2.【數據挖掘】二手車交易價格預測大賽-探索性數據分析(EDA)
2.1 什麼是探索性數據分析
探索性數據分析(EDA ,Exploratory Data Analysis),是指對已有的數據(特別是調查或觀察得來的原始數據)在儘量少的先驗假定下進行探索,通過作圖、製表、方程擬合、計算特徵量等手段探索數據的結構和規律的一種數據分析方法。
2.2 本案例的探索性分析流程
實驗工具:Jupyter Notebook
(1)導入各種數據科學庫以及可視化庫
#coding:utf-8
import warnings
warnings.filterwarnings('ignore') # 導入warnings包,利用過濾器來實現忽略警告語句
import numpy as np
import pandas as pd
import matplotlib.pyplot as plt
import seaborn as sns
import missingno as msno
(2)載入數據
Train_data = pd.read_csv('data/train.csv', sep=' ')
Test_data = pd.read_csv('data/testA.csv', sep=' ')
(3)查看數據基本情況
Train_data.head().append(Train_data.tail()) # 簡要查看前五行和後五行;
Train_data.shape
Test_data.head().append(Test_data.tail())
Test_data.shape
Train_data.describe()
Test_data.describe()
Train_data.info() # 查看數據的基本信息
Test_data.info()
(4)判斷數據異常情況
- 缺失值總數統計
Train_data.isnull().sum() # 缺失值總數統計
Test_data.isnull().sum()
- nan可視化
missing = Train_data.isnull().sum()
missing = missing[missing > 0]
missing.sort_values(inplace=True)
missing.plot.bar()
msno.matrix(Train_data.sample(250))
msno.bar(Train_data.sample(1000))
msno.matrix(Test_data.sample(250))
msno.bar(Test_data.sample(1000))
-
查看異常值
通過以上返回結果知
notRepairedDamage
列需要糾正。
Train_data['notRepairedDamage'].value_counts() # 對該列的值進行統計
Train_data['notRepairedDamage'].replace('-', np.nan, inplace=True) # 對未知值’-‘用nan表示
Train_data['notRepairedDamage'].value_counts() # 查看修改後結果
Test_data['notRepairedDamage'].value_counts()

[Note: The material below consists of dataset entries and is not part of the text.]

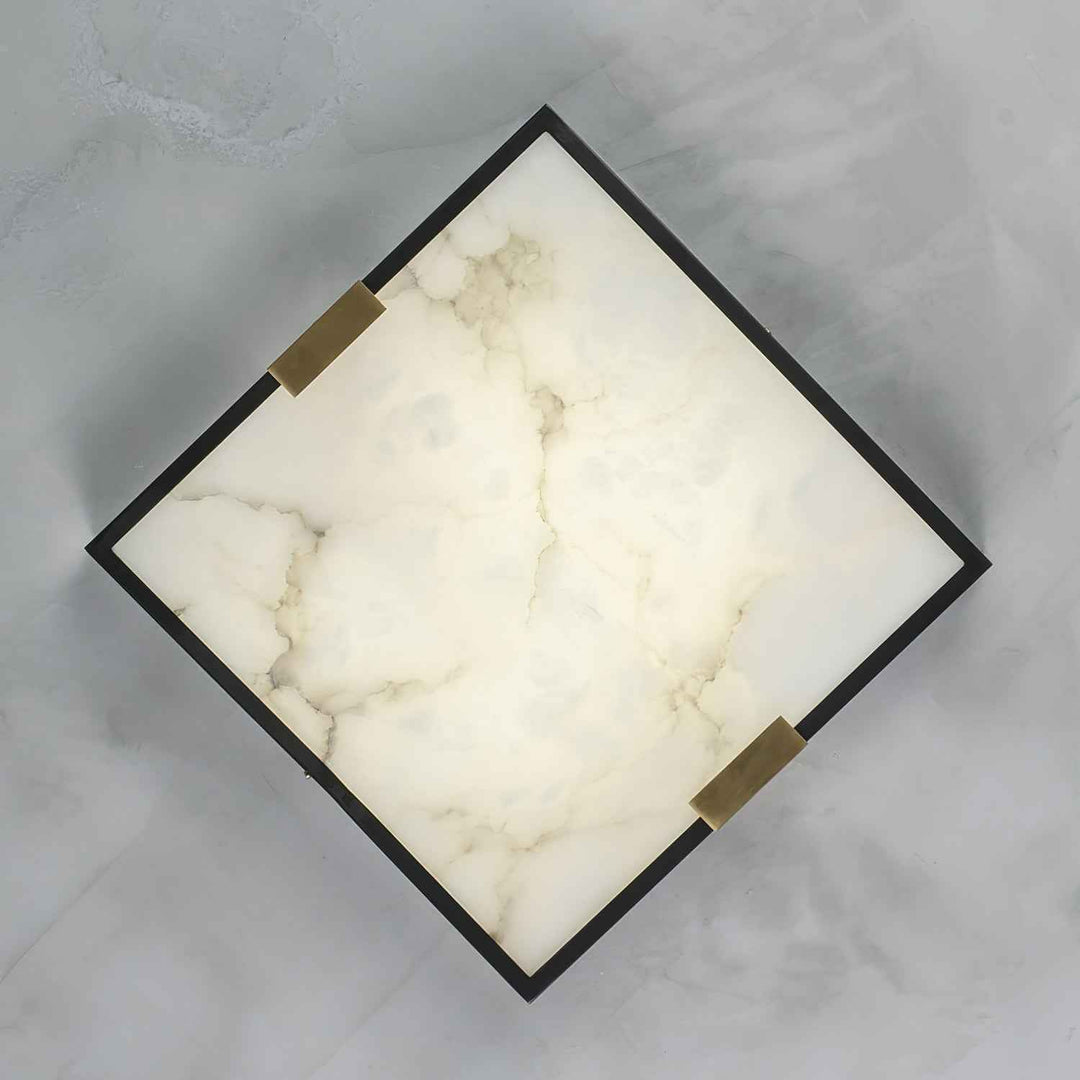 Lampe Uphaara en Laiton – Design Contemporain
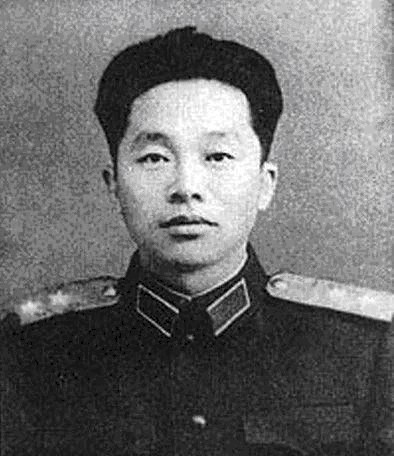 三纵队|万岁军军长是梁兴初,政委是谁,他是最年轻的开国中将
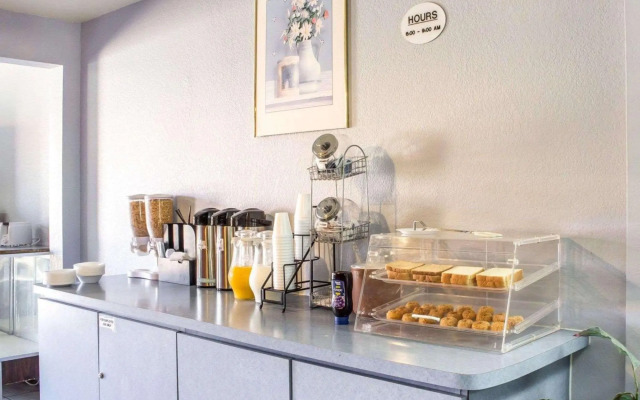 Super 8 Motel - Winslow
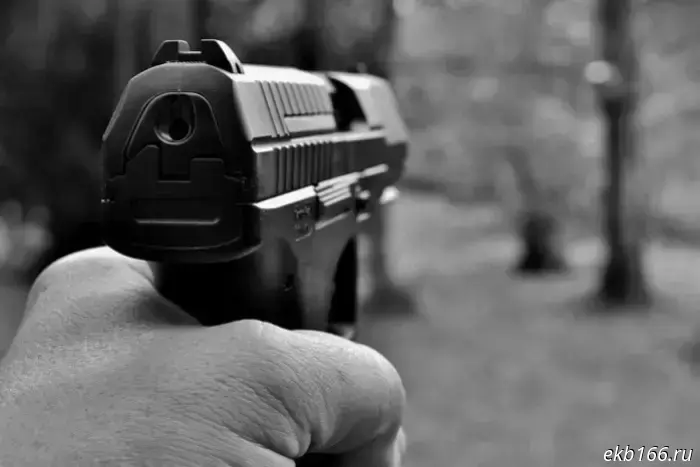 In Yekaterinburg, a man planning to kill his ex-girlfriend at work was detained.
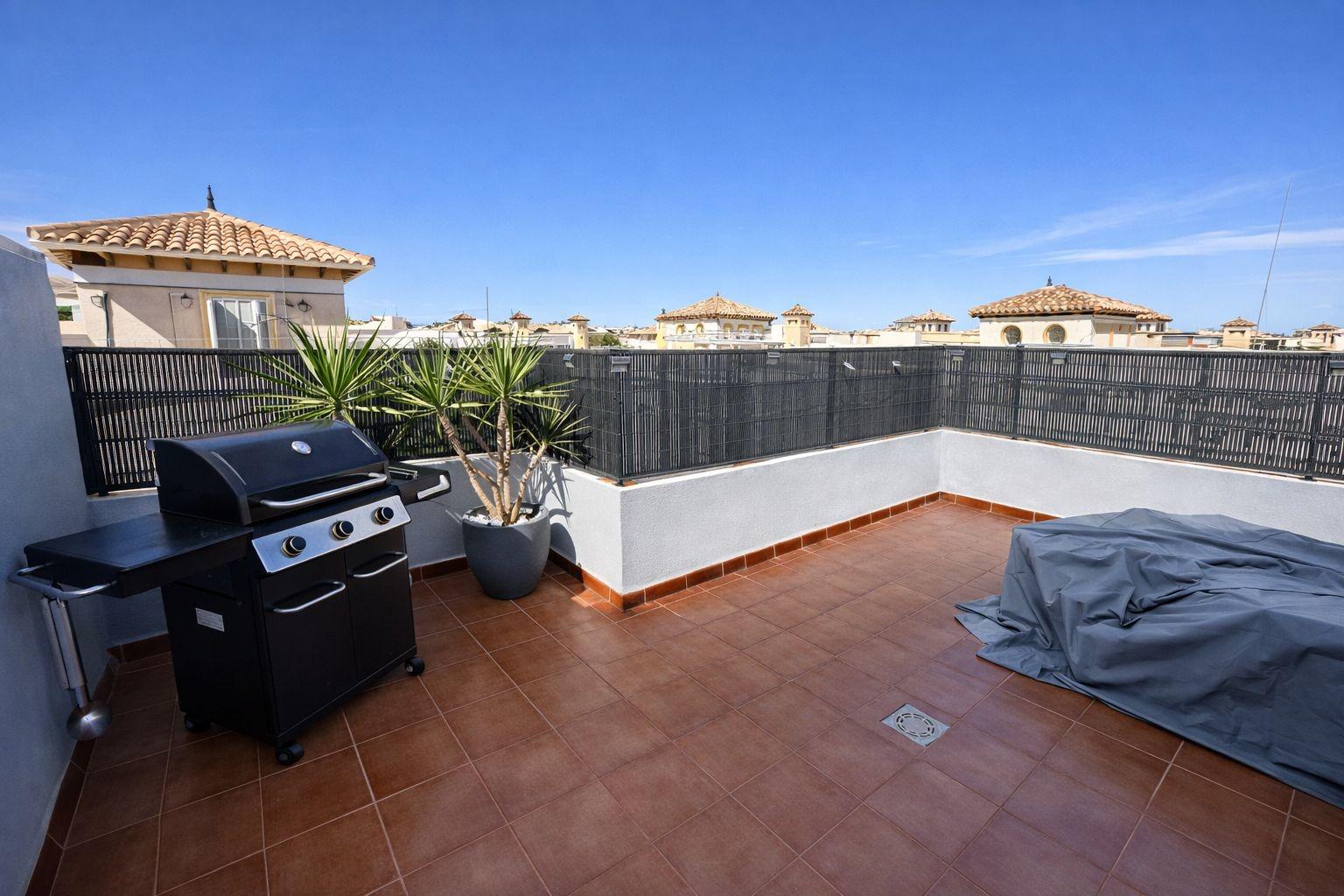 House in Torrevieja, Alicante, Spain 2 bedrooms, 65 sq.m. No. 154775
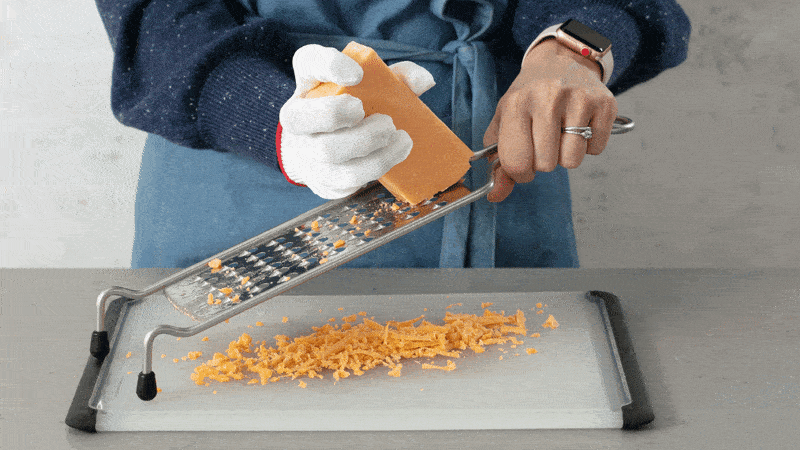 Use of grater top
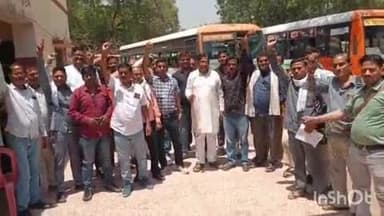 रायबरेली: बस स्टैंड परिसर में संविदा चालक परिचालक कर्मचारी संघर्ष यूनियन ने डग्गामार वाहनों के बंद किए जाने के लिए किया प्रदर्शन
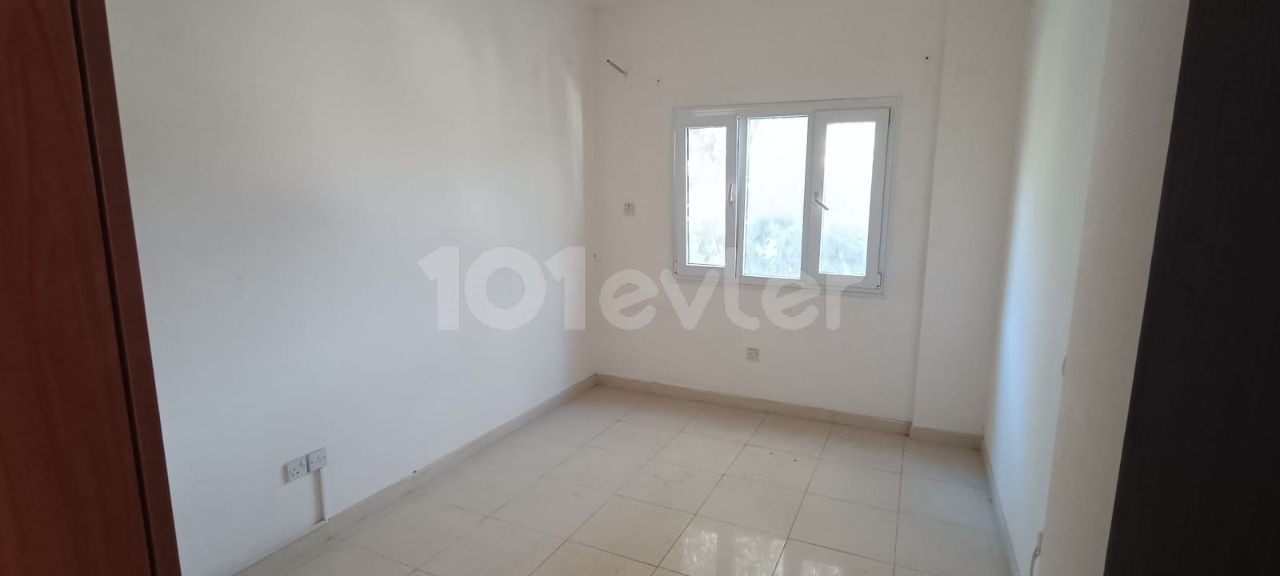 1+1 FLAT FOR RENT IN KYRENIA WITH OFFICE PERMIT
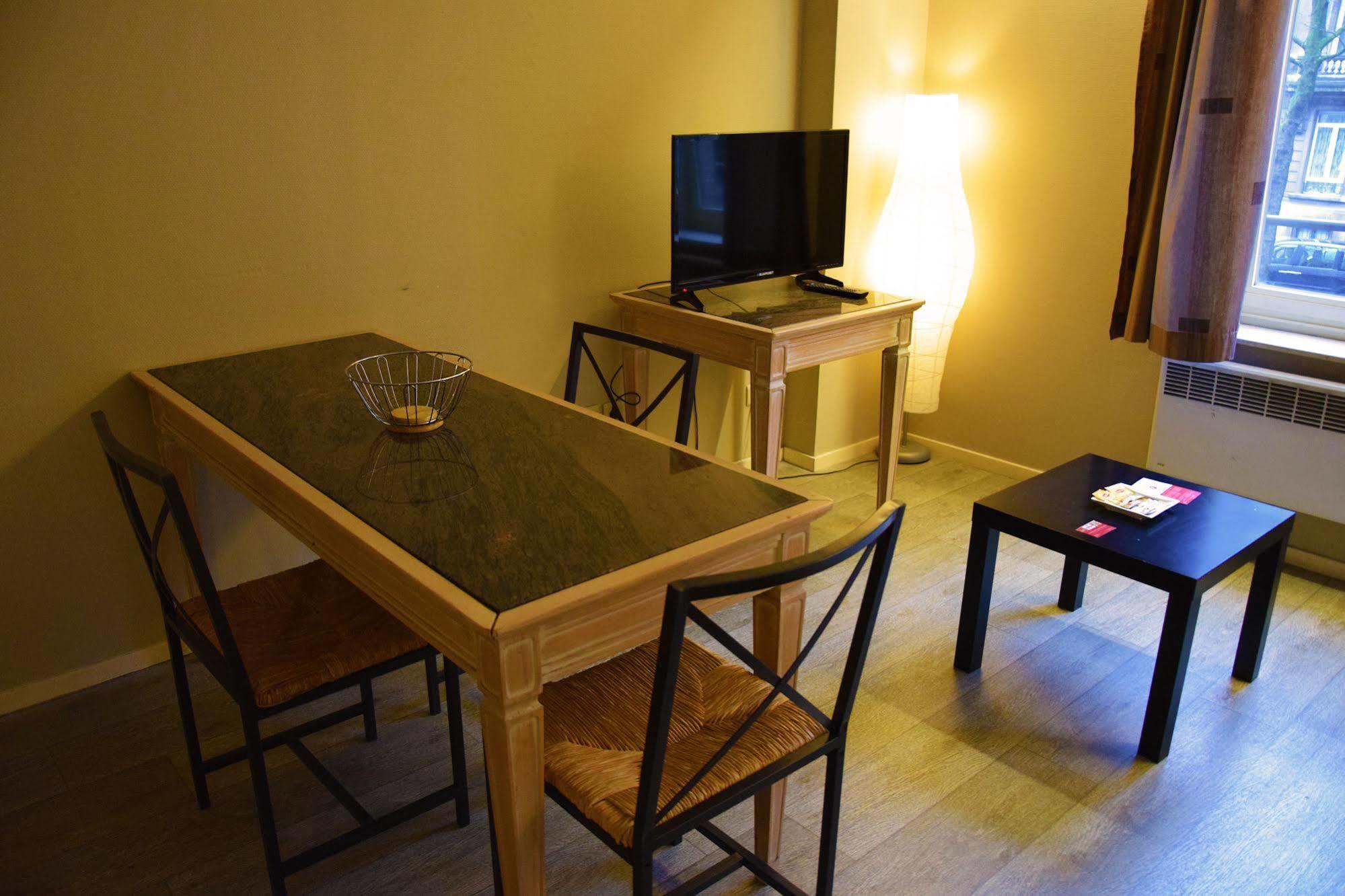 Ambassador Suites Antwerpen Kültér fotó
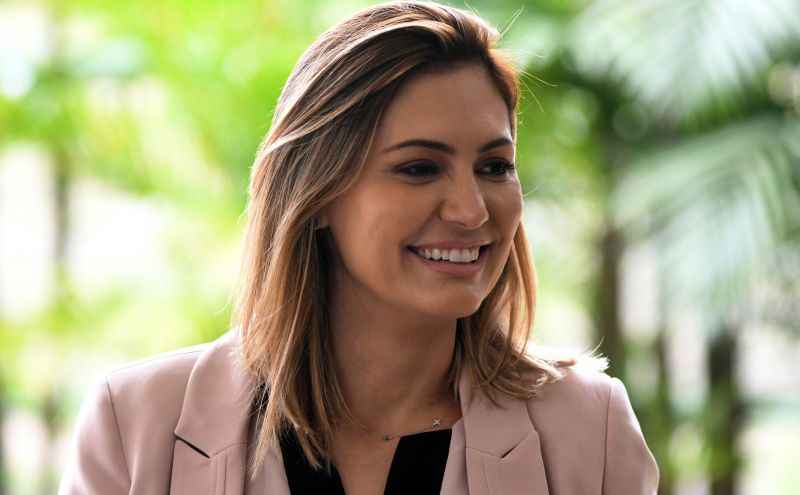 Michelle Bolsonaro agradece apoio durante internação de Jair Bolsonaro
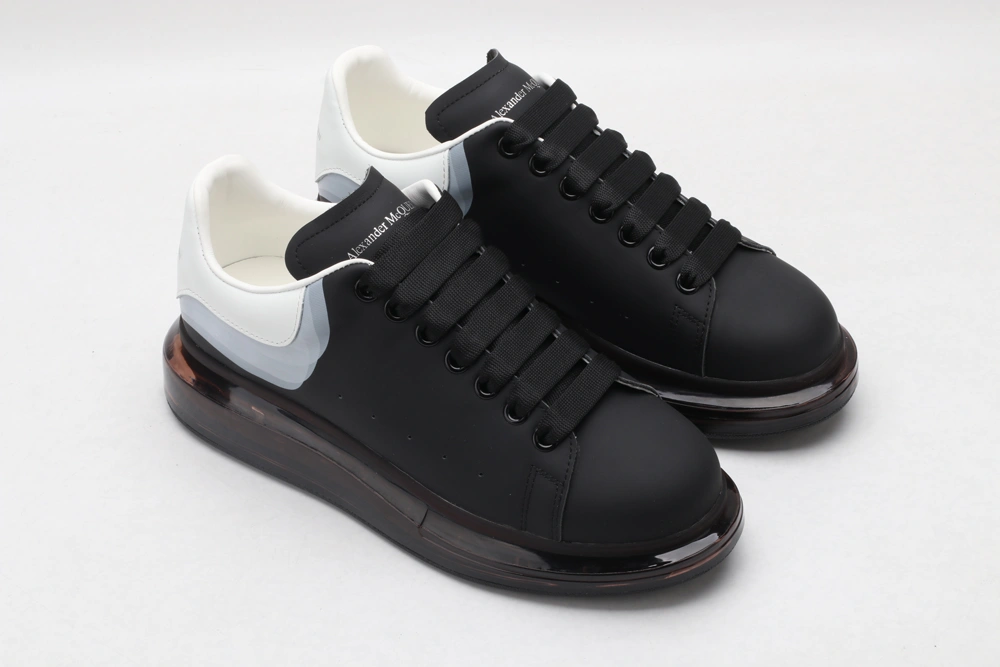 Classic A*exander M*queen Sneaker 3321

Test_data['notRepairedDamage'].replace('-', np.nan, inplace=True)
- 清理嚴重傾斜的數據
Test_data['seller'].value_counts()
Train_data['offerType'].value_counts()
del Train_data['seller']
del Train_data['offerType']
del Test_data['seller']
del Test_data['offerType']
(5)瞭解預測值分佈情況
Train_data['price'] # 數據price列
Train_data['price'].value_counts()
- 總體分佈情況
import scipy.stats as st
y = Train_data['price']
plt.figure(1); plt.title('Johnson SU')
sns.distplot(y, kde=False, fit=st.johnsonsu) #無界約翰遜分佈
plt.figure(2); plt.title('Normal')
sns.distplot(y, kde=False, fit=st.norm)
plt.figure(3); plt.title('Log Normal')
sns.distplot(y, kde=False, fit=st.lognorm)
- 查看
skewness and kurtosis
,即偏度與峯值
sns.distplot(Train_data['price']);
print("Skewness: %f" % Train_data['price'].skew())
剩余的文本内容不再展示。